→ PROMPT: Write out again only the lines between the one with "840 N Lake Shore Drive 603 Property Photo 13" and the end of the records below, both ends counted, and don't include the pictures.

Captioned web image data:
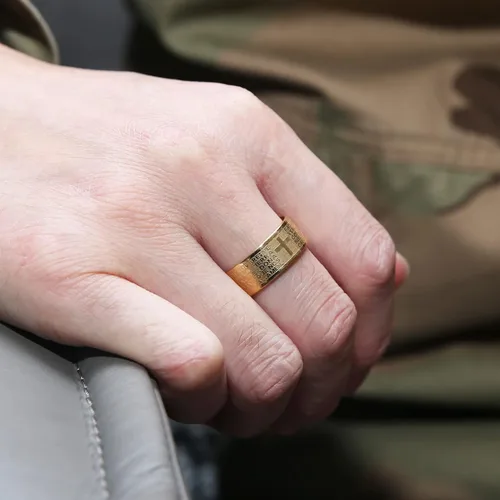 Miniatura 7 de Scddboy Anillo de boda pulido con versículo bíblico de 0.315in para hombre de acero inoxidable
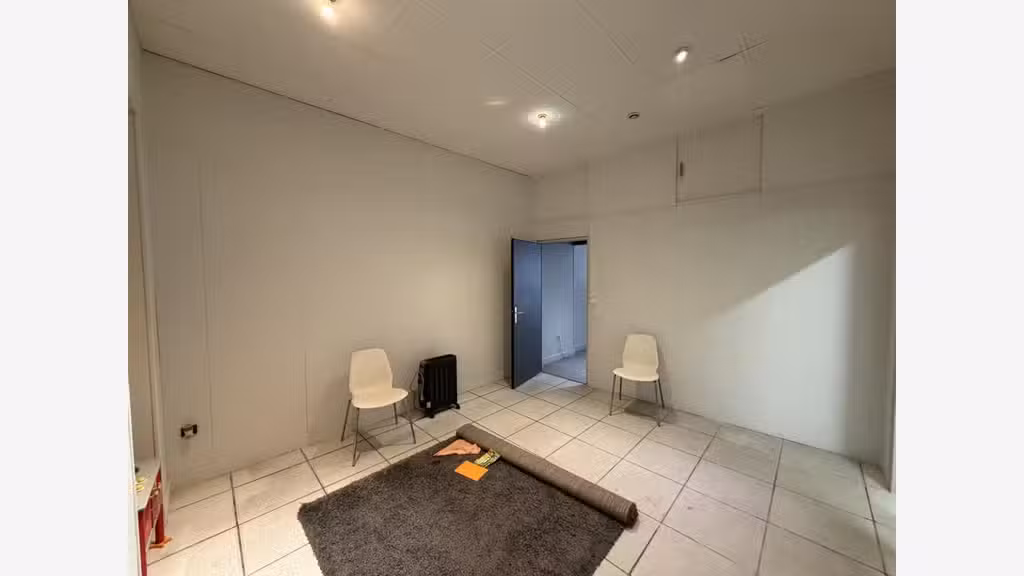 A louer local 94m² Marseille Rue du Docteur Fiolle
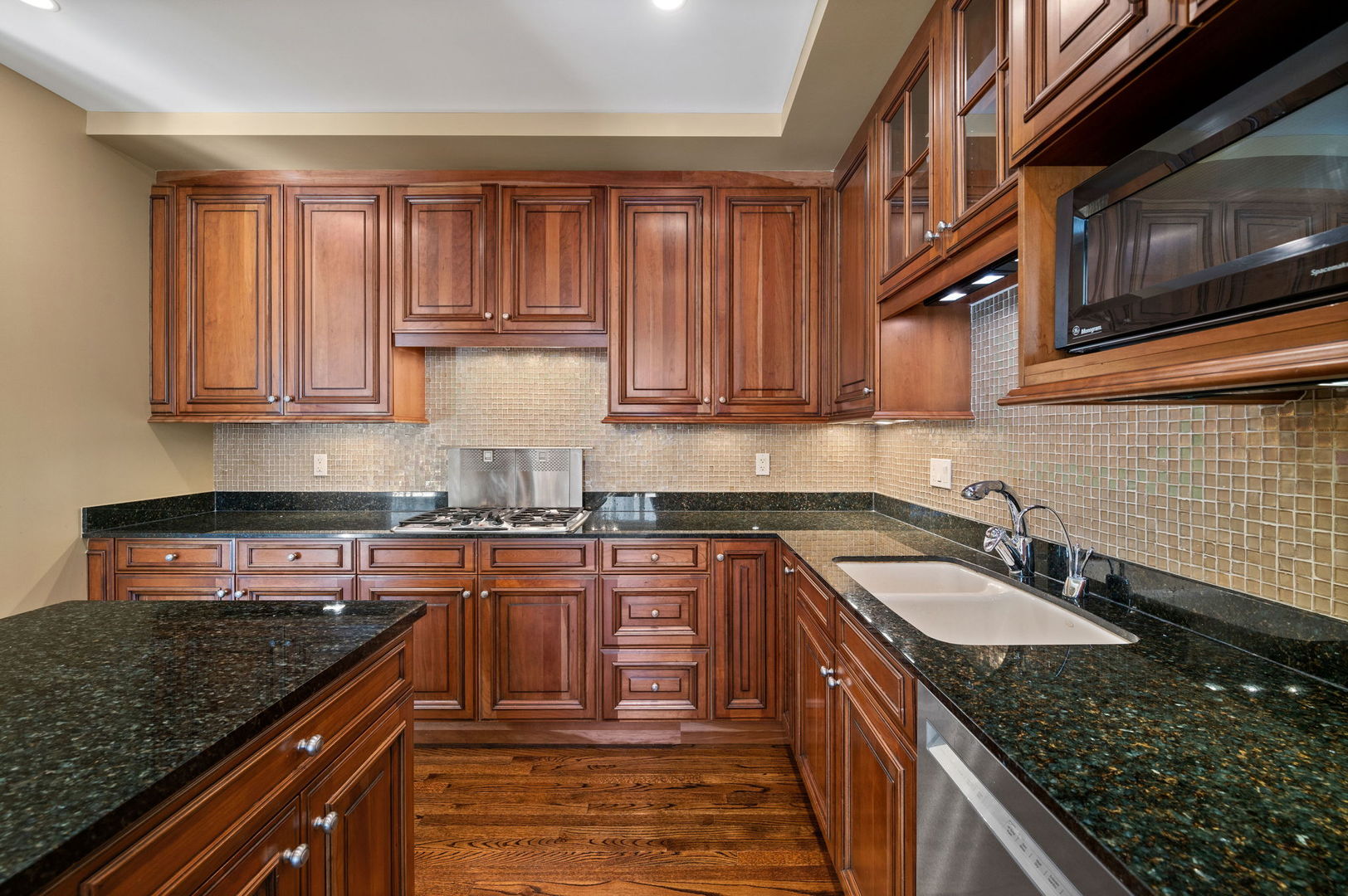840 N Lake Shore Drive 603 Property Photo 13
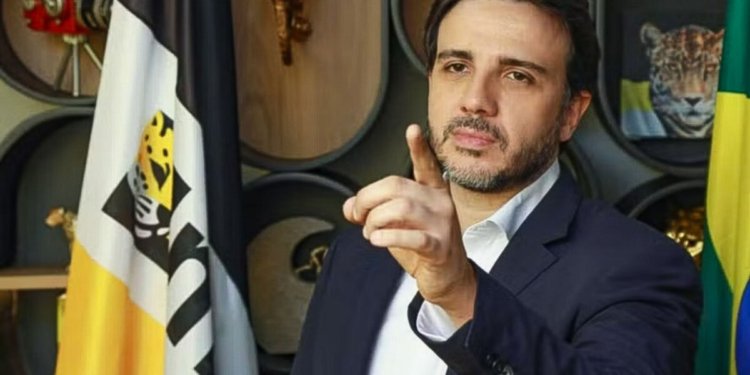 Renan Santos, ex-líder do MBL, oficializa candidatura presidencial pelo partido Missão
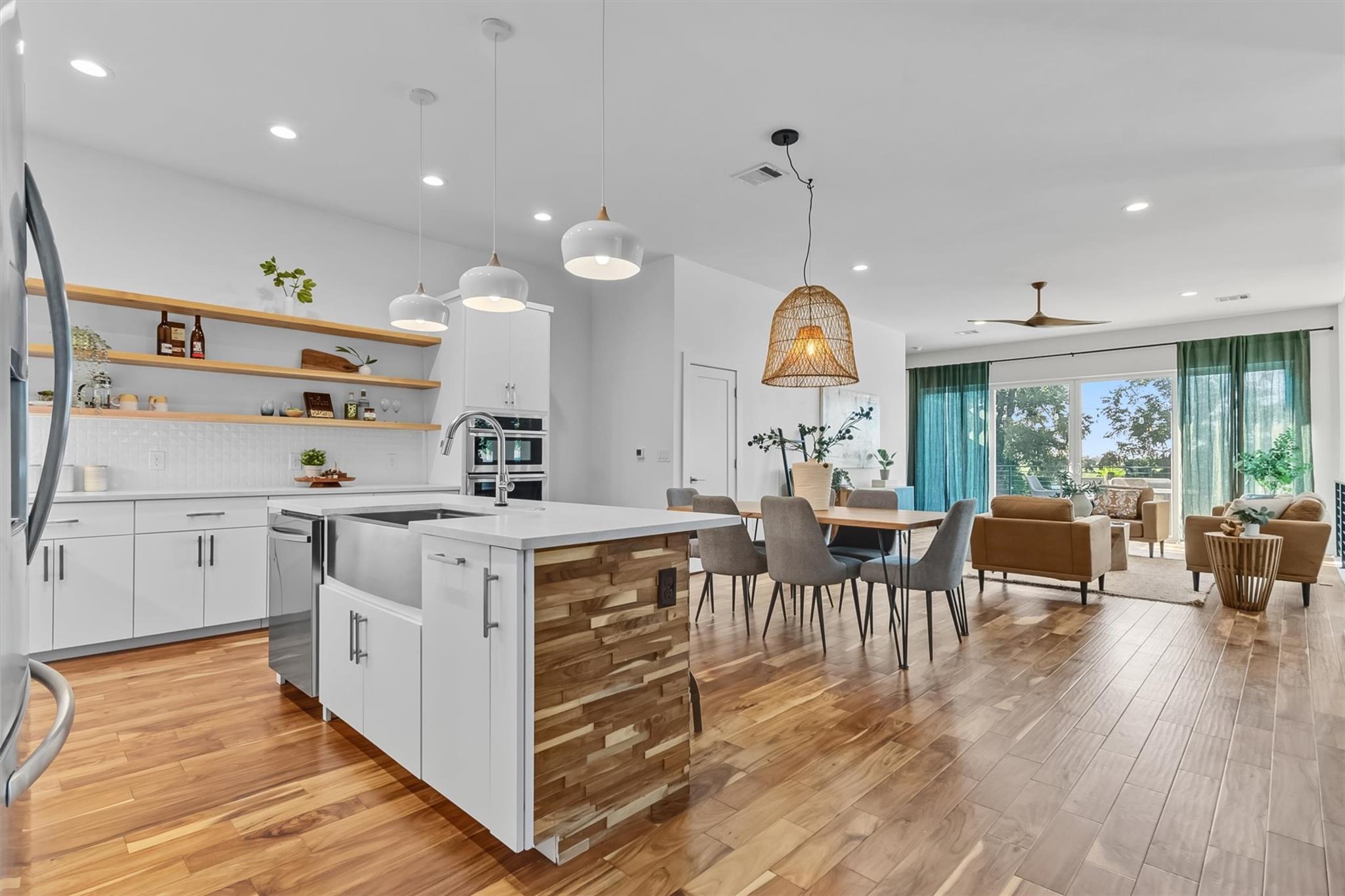 2712 Oak Springs Dr # A, Austin, TX 78702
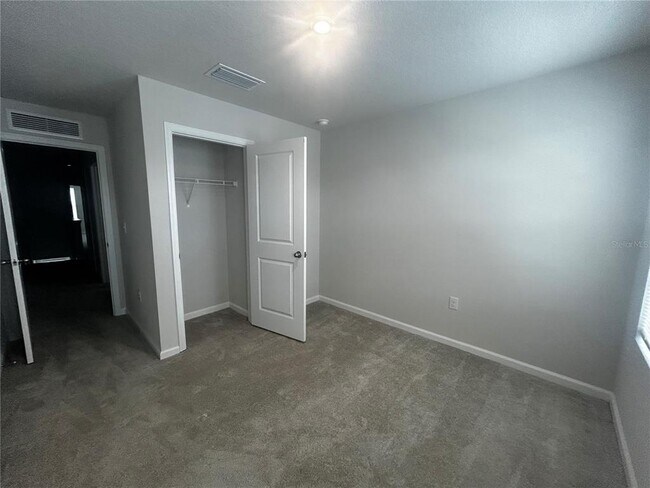 Building Photo - 14124 Crimson Ave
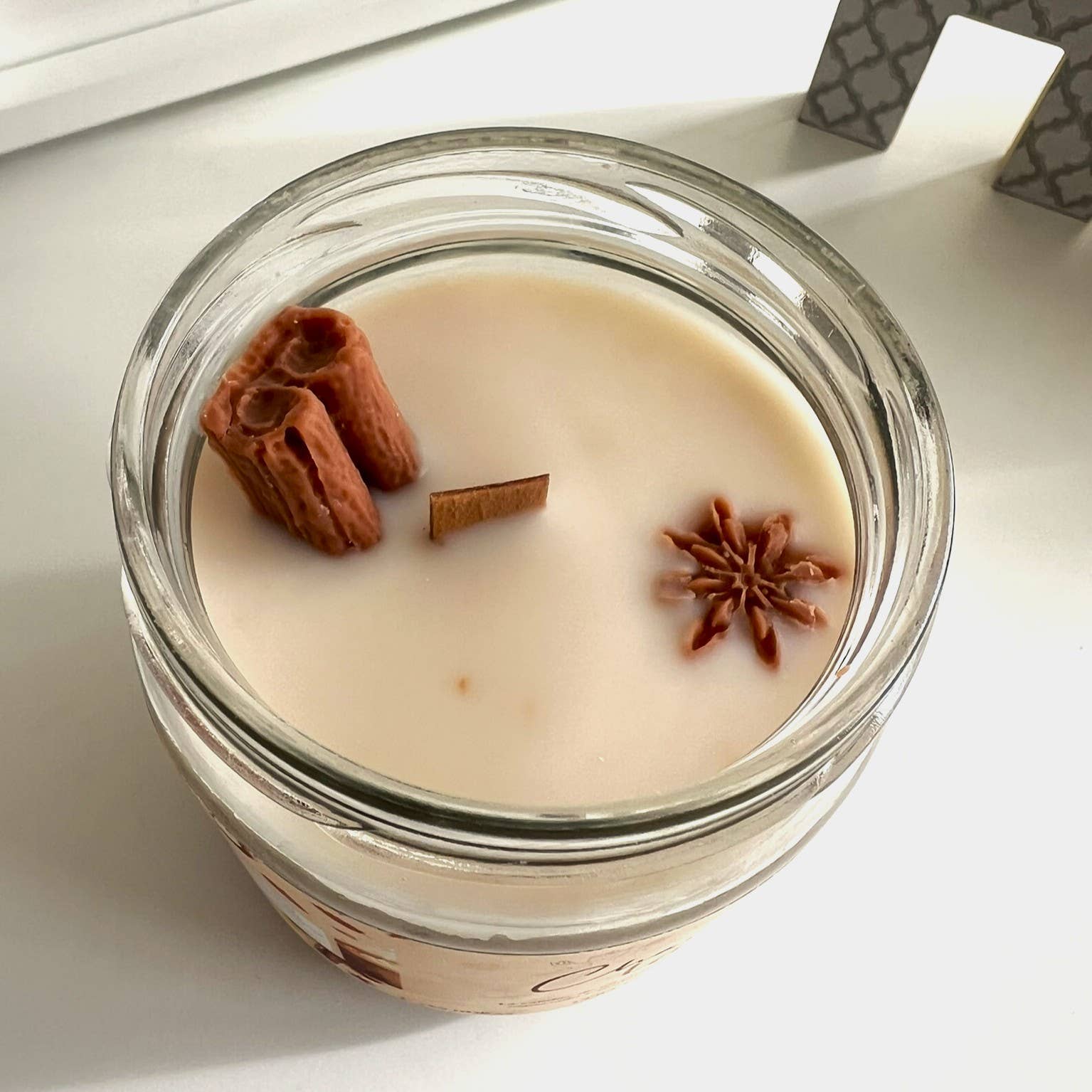 INZ Aragón S.Coop. Pequeña - Vendita all'ingrosso Candela in vasetto - Candela Chai Latte - Cannella, Vaniglia e Legni1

→ FINISHED TASK:
840 N Lake Shore Drive 603 Property Photo 13
 Renan Santos, ex-líder do MBL, oficializa candidatura presidencial pelo partido Missão
 2712 Oak Springs Dr # A, Austin, TX 78702
 Building Photo - 14124 Crimson Ave
 INZ Aragón S.Coop. Pequeña - Vendita all'ingrosso Candela in vasetto - Candela Chai Latte - Cannella, Vaniglia e Legni1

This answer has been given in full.